0.002 S 3 − −0.018 Units: . From the microscopic point of view, the electric photocurrent density can be calculated by summing the velocities of the photo-excited carriers. The magneto-photocurrent in μ direction (μ=x,y) can be described by [5, 22] (5) e is the electron charge. denotes the electron velocity along μ direction. In the excitation process, is the steady-state nonequilibrium photo-excited electron density in Zeeman-splitting conduction bands. It can be described by Equation 6 for the linearly polarized radiation. (6) ϕ is the angle between the wave vector and the x direction. α is the angle between the plane of linear polarization and the x direction. Considering the contribution of asymmetric relaxation of electrons to the current, we should

add an additional term to the . Then the in Equation 6 includes contributions Cell press of both excitation and relaxation. Owing to the magneto-photocurrent in this superlattice is independent of the radiation polarization, it can be deduced that is much larger than and . This conclusion is similar to that in [22] which that reported always overwhelms and theoretically. The radiation polarization independent of MPE generated by direct interband transition had also been observed in the BiTeI film [23]. However, in (110)-grown GaAs/Al x Ga 1−x As quantum wells, MPE generated by indirect intrasubband transition shows clear relations to the radiation linear polarization state [24]. The reason may be that in the intrasubband transition process, spin-dependent asymmetric electron-phonon interaction which contributes to the magneto-photocurrent is sensitive to the radiation polarization state. It leads to the relative magnitudes of and in Equation 6 increase. More practically, the phonon effect may be taken into account when designing optically manipulated spintronics devices in the future.

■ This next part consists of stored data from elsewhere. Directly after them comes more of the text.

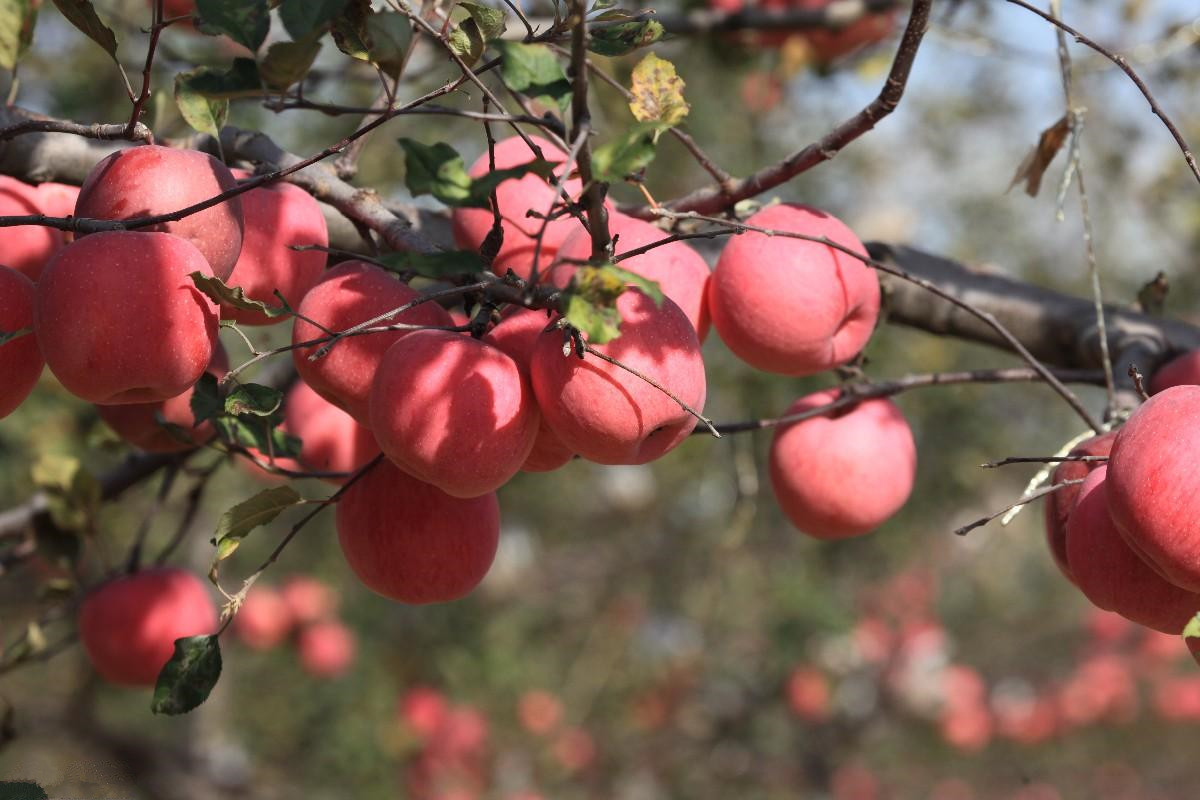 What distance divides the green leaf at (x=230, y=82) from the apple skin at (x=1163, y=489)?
0.61m

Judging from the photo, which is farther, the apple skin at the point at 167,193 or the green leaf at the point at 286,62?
the apple skin at the point at 167,193

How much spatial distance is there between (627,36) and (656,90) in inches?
2.0

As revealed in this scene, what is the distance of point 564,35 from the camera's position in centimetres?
72

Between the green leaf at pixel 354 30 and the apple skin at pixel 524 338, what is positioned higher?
the green leaf at pixel 354 30

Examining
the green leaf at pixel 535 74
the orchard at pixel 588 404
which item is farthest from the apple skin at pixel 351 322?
the green leaf at pixel 535 74

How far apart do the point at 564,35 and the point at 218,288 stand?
30 centimetres

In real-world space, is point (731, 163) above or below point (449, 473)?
below

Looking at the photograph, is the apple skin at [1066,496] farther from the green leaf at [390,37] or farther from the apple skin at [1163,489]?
the green leaf at [390,37]

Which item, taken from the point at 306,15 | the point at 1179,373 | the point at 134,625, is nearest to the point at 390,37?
the point at 306,15

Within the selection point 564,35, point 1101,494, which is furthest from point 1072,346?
point 564,35

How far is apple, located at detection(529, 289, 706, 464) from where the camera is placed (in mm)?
686

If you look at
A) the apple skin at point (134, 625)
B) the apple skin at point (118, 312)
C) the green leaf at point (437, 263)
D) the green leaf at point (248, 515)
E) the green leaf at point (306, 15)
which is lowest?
the apple skin at point (134, 625)

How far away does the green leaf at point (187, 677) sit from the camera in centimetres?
84

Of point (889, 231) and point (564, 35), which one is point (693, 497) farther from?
point (564, 35) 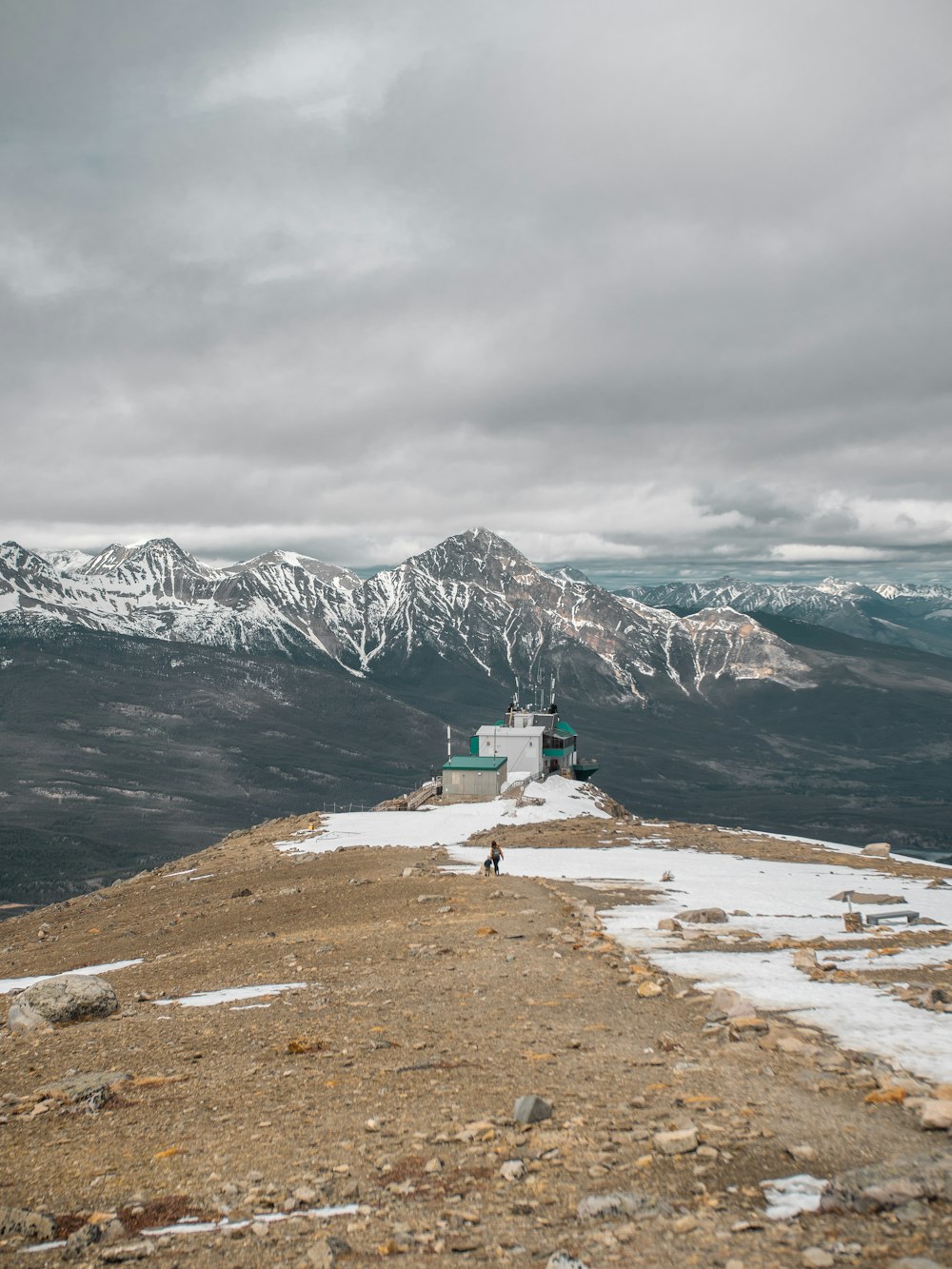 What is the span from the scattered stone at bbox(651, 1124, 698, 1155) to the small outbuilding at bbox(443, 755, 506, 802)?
225 ft

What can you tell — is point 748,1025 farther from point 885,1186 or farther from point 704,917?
point 704,917

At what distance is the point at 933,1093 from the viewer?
9141mm

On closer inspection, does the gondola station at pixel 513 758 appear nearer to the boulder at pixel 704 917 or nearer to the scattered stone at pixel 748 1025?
the boulder at pixel 704 917

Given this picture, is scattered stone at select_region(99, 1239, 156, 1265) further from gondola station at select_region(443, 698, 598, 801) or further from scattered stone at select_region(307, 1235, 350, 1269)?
gondola station at select_region(443, 698, 598, 801)

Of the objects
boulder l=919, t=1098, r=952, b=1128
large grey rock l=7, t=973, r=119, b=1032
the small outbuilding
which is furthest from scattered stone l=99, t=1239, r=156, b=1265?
the small outbuilding

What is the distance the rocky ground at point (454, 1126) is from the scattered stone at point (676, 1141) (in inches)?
1.3

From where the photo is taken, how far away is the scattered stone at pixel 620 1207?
6.72m

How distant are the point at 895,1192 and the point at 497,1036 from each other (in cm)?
687

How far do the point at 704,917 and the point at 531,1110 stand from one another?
1465 cm

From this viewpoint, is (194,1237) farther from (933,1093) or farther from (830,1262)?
(933,1093)

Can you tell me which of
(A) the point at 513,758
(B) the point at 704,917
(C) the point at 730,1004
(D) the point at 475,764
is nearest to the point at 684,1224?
(C) the point at 730,1004

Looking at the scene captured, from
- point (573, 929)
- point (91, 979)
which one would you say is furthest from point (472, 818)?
point (91, 979)

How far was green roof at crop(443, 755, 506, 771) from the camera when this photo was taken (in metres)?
77.4

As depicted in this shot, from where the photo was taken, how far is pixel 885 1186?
662 centimetres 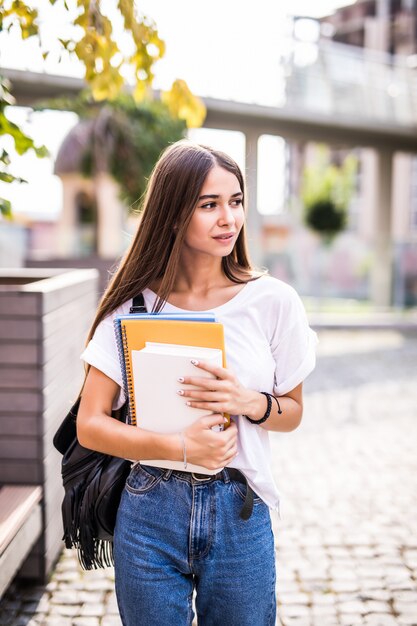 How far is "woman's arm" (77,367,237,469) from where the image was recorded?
1.52m

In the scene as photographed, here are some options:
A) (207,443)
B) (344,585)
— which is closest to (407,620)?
(344,585)

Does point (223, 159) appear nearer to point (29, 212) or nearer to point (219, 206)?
point (219, 206)

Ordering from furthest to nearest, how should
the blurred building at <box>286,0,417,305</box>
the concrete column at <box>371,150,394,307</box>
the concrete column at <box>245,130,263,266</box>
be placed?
the concrete column at <box>371,150,394,307</box>
the concrete column at <box>245,130,263,266</box>
the blurred building at <box>286,0,417,305</box>

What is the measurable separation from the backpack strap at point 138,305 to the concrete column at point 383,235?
1629 cm

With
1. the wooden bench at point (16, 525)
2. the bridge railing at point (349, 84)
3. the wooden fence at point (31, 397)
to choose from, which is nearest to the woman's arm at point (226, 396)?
the wooden bench at point (16, 525)

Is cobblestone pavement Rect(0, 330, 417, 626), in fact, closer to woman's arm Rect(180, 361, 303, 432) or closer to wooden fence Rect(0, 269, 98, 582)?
wooden fence Rect(0, 269, 98, 582)

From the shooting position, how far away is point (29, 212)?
45.1 m

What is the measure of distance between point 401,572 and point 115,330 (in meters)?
2.51

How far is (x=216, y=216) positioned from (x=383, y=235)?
1757 cm

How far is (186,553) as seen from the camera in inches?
63.2

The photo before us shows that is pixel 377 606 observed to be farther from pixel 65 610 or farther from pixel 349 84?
pixel 349 84

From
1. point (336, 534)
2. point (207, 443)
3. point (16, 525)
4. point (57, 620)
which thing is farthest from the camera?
point (336, 534)

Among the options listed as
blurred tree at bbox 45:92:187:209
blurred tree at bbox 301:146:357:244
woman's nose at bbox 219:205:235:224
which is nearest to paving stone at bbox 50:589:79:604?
woman's nose at bbox 219:205:235:224

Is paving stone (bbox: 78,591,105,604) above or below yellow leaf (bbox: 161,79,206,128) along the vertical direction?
below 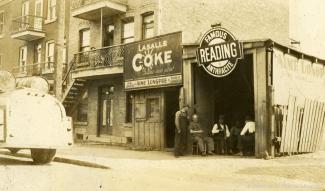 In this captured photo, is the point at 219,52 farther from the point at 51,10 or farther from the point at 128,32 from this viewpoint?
the point at 51,10

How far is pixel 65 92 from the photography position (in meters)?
24.5

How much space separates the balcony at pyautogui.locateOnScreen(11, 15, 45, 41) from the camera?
28.8 metres

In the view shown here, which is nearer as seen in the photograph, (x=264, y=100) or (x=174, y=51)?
(x=264, y=100)

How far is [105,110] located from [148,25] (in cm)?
526

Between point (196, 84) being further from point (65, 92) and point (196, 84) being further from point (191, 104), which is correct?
point (65, 92)

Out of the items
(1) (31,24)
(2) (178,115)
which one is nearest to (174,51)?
(2) (178,115)

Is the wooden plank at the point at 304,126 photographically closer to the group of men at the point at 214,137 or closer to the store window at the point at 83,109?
the group of men at the point at 214,137

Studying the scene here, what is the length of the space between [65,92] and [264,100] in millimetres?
13578

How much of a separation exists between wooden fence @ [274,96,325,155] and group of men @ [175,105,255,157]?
3.42 ft

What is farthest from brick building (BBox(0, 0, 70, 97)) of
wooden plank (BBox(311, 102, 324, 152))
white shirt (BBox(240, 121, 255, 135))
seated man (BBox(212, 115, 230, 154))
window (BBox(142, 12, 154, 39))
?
wooden plank (BBox(311, 102, 324, 152))

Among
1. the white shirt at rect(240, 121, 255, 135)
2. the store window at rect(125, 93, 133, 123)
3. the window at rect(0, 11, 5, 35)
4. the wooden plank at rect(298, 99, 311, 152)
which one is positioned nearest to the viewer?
the white shirt at rect(240, 121, 255, 135)

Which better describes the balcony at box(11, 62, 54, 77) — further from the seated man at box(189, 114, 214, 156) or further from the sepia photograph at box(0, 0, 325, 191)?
the seated man at box(189, 114, 214, 156)

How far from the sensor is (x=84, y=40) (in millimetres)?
25562

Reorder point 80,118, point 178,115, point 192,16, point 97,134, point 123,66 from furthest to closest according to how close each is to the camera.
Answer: point 80,118 → point 97,134 → point 192,16 → point 123,66 → point 178,115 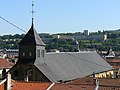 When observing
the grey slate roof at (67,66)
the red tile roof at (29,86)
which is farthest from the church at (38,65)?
the red tile roof at (29,86)

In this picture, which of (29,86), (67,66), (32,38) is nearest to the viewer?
(29,86)

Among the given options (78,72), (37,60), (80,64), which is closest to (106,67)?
(80,64)

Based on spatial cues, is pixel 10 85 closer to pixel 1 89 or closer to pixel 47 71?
pixel 1 89

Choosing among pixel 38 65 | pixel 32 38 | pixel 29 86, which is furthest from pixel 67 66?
pixel 29 86

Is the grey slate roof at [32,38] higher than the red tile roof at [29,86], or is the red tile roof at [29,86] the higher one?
the grey slate roof at [32,38]

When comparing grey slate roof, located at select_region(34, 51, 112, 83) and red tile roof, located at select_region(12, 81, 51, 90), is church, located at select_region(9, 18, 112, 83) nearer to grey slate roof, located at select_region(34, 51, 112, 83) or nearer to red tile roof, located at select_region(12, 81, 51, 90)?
grey slate roof, located at select_region(34, 51, 112, 83)

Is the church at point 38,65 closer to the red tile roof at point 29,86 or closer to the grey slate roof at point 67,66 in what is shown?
the grey slate roof at point 67,66

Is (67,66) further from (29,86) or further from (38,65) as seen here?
(29,86)

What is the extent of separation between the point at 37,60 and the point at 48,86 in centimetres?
1829

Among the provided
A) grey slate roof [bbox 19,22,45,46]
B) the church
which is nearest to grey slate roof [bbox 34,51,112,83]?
the church

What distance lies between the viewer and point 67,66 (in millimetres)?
54625

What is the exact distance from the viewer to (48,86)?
1219 inches

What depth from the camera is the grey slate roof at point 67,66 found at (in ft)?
158

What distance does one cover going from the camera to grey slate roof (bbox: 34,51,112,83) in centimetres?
4806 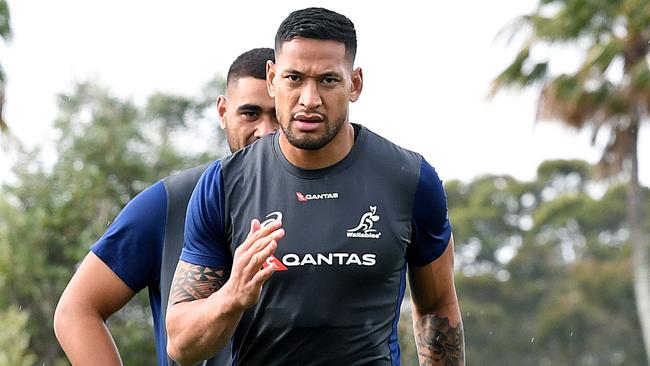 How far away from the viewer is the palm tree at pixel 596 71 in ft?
88.0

Secondly, in the naïve diversity profile for the putative methyltransferase group, the lines representing the diversity of the 2007A, 2009B, and 2010B samples crossed each

other numerous times between q = 0 and q = 5 (Additional file 1: Figure S2). Lastly, in the naïve profile for the putative concanavalin A-like glucanases/lectins group, the 2010B samples were as diverse as or more diverse than the 2007A samples at q = 0, but the diversity of 2010B samples dropped sharply and remained lower than all other samples after approximately q = 0.5 (Additional file 1: Figure S3). In the case of viral diversity, ultra-rare taxa play an important role in rapid evolution to allow new viruses to infect hosts that are constantly evolving defense Tanespimycin mechanisms. Thus, diversity calculated at low values of q, which are sensitive to rare taxa, is the more appropriate measure of viral diversity. Figure 1 Hypersaline lake viruses Cluster 667 diversity profiles. (A) Naïve and (B) similarity-based (phylogenetic relatedness) diversity profiles calculated for Cluster 667 from the hypersaline lake viruses data. We see similar STI571 nmr results

for the acid mine drainage dataset. At q = 0 (species richness) in the naïve analysis, the Env-3 at growth stage 2 check details sample is the most diverse sample, but the sample’s diversity decreases and is surpassed by the growth stage 0 bioreactor sample and both Env-1 samples between Morin Hydrate q = 1 and q = 2 (Figure 2), demonstrating that the bioreactor and Env-1 samples were less even than the Env-3 sample at growth stage 2. Thus, for this dataset as well as for the hypersaline lake viruses dataset, evaluating the diversity of the microbial communities at multiple values of q leads to a different interpretation of the results and response to the original hypotheses (Table 1). Figure 2 Acid mine drainage bacteria and archaea (HiSeq) diversity profiles. (A) Naïve and (B) similarity-based (phylogenetic relatedness) diversity profiles calculated from the acid mine drainage bacteria and archaea HiSeq data. Diversity profiles do not always add new information

to analyses of natural microbial datasets. In some cases, such as with the naïve profiles of the subsurface bacteria dataset, the most diverse samples in a dataset were always calculated as the most diverse, across the entire range of q in the naïve profile (Figure 3). Thus, whether we quantified diversity using species richness, Shannon diversity, or diversity profiles, we would arrive at the same result. In general, our findings provide evidence for the utility of diversity profiles to analyze microbial datasets, even when similarity information is not taken into account, because they allow researchers to visualize multiple diversity indices across the range of q in the same place after just one calculation.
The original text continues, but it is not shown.